-------- TASK DATA

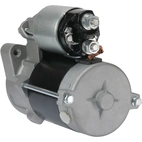 HC-Cargo Starter motor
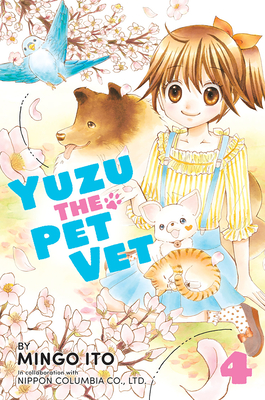 Yuzu the Pet Vet 4 - Mingo Ito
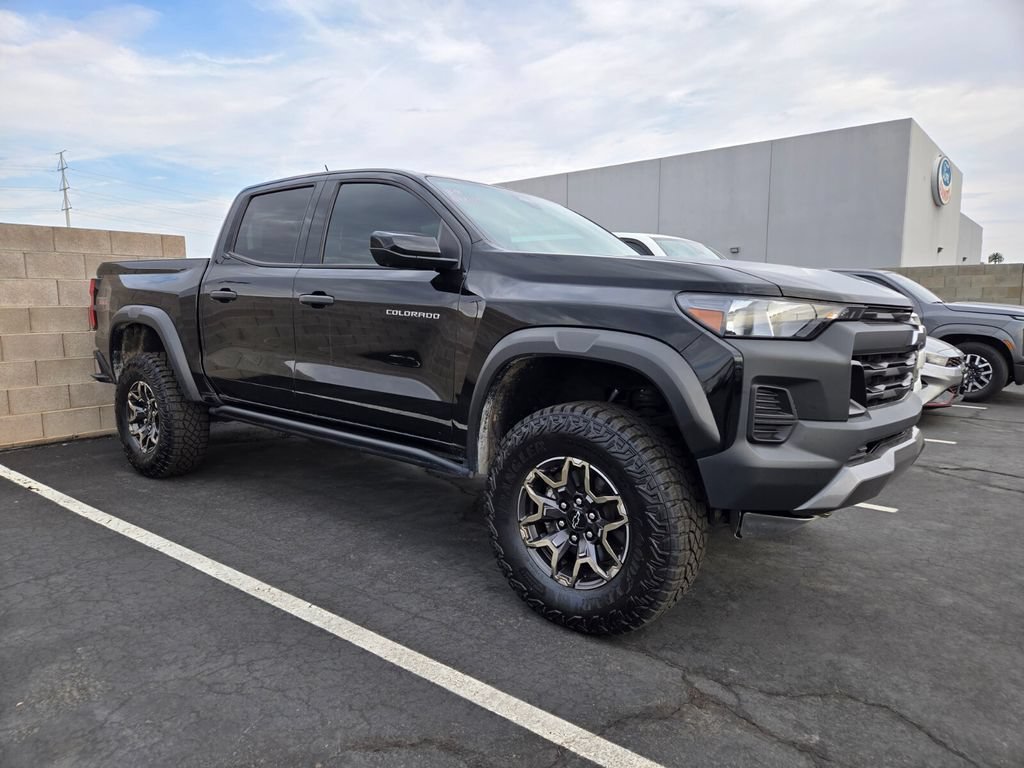 2023 Chevrolet Colorado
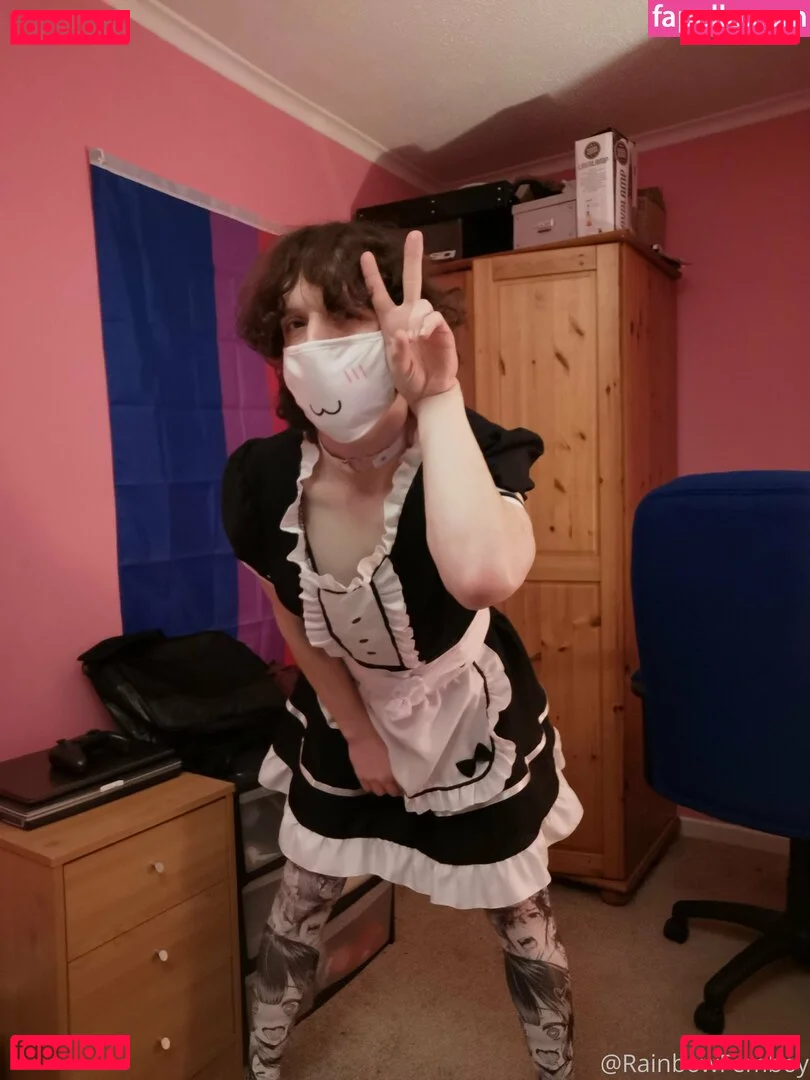 femboyraine Onlyfans Photo Gallery 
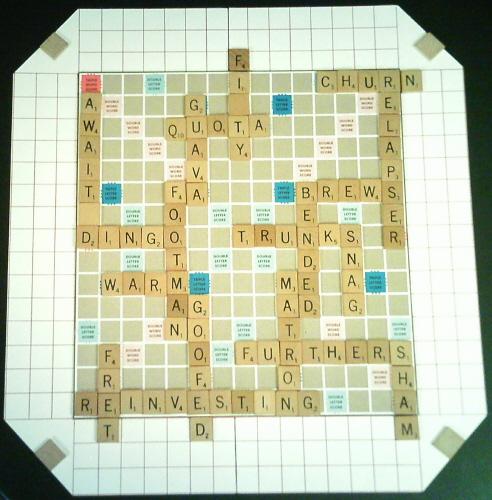 Scrabble II.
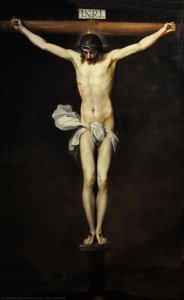 The Crucifixion — Alonso Cano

----------------

Give back, word for word, the lines from the one with "Yuzu the Pet Vet 4 - Mingo Ito" to the end of the records above, and no pictures.

 Yuzu the Pet Vet 4 - Mingo Ito
 2023 Chevrolet Colorado
 femboyraine Onlyfans Photo Gallery 
 Scrabble II.
 The Crucifixion — Alonso Cano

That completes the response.